[Frameworks] optical soundtrack generator?

Sandy McLennan smclennan4 at gmail.com
Wed Sep 9 17:55:29 UTC 2020


Thanks for this tip, Seth. Further on that reverse idea, saw this similar
tool, don't see a price:
https://imagetosound.com/

<https://imagetosound.com/>In seeking sound for experimental films, looking
for any visual element of the shooting process to extract sound from, I've
scanned a foot of film on a flatbed at a time then had that image file read
by software that translates it to sound. I was particularly scanning the
line down the middle of Double 8mm hand-processed footage. Some tools to go
from image to sound:

https://www.softpedia.com/get/Others/Miscellaneous/ImageToSound.shtml
(free)

https://github.com/alexadam/img-encode  (free or donate)

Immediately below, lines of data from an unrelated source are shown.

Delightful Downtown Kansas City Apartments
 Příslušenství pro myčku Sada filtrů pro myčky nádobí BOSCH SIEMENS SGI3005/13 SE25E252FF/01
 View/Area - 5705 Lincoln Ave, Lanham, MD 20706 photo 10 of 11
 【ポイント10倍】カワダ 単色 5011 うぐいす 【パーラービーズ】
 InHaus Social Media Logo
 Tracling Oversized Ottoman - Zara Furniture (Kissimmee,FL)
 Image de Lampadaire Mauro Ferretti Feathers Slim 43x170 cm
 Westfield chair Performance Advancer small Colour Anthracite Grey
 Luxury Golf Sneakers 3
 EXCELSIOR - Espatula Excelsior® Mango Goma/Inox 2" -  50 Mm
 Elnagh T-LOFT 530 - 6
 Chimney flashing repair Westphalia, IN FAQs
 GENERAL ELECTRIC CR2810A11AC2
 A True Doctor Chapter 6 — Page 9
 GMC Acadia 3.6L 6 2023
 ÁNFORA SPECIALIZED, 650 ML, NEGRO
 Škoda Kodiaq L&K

https://www.photosounder.com/  (US$79)

Sandy McLennan
Port Sydney, Ontario, Canada


On Tue, Sep 8, 2020 at 9:12 PM Seth Mitter <seth.mitter at gmail.com> wrote:

> AEO-Light is a tool that does the exact reverse and therefore may be of
> interest here. It takes images of optical soundtracks from a film scanner
> output (overscan tiff or dpx image sequences) and converts them into
> digital audio files.
> https://usc-imi.github.io/aeo-light/#about
>
> On Tue, Sep 8, 2020 at 11:30 AM Jason Halprin <jihalprin at gmail.com> wrote:
>
>> Hi Scott (et al),
>>
>> Not for 35mm, necessarily, but there is a very active 16mm Auricon group
>> on facebook that might have some tips or starting points. Not necessarily
>> for Scott, as I'm guessing you already know, but these were TV news cameras
>> that recorded optical sound directly on the film - no need for syncing
>> later on. These have been converted by DIY labs to become sound printers,
>> as well.
>>
>> For 35mm you may be able to find an old Westrex 35mm printer (mono)...and
>> perhaps just using it as a recording device for the sound output from a
>> computer would be more accurate than trying to print the sound line-by-line?
>>
>> Regardless, please share with us when you have a solution!
>>
>> -Jason Halprin
>> Montréal
>> Jason Halprin
>> jihalprin at gmail.com
>> jasonhalprin.com <jihalprin at gmail.com>
>>
>>
>> On Tue, Sep 8, 2020 at 10:17 AM Scott Dorsey <kludge at panix.com> wrote:
>>
>>> Ahh, I get it, you want a digital image of what the soundtrack would
>>> like and
>>> you want to plot it out as part of your filmout.
>>>
>>> This turns out not to be an easy thing to do because of the frame
>>> lines...
>>> it is very very hard to get the bottom of one frame to line up perfectly
>>> with
>>> the top of the next one so there is not some discontinuity 24 times a
>>> second.
>>> The Arrilaser recorder can do it, but they take a file that consists of
>>> frames and turn it into a datastream that consists of individual lines,
>>> and
>>> plot a line at a time instead of a frame at a time.
>>>
>>> But if you want to try it just to see what happens, it should not be all
>>> that hard to write a little script to create two white lines whose width
>>> varies with modulation.  Pull values one at a time out of a .wav file,
>>> use them to set the width of the line directly.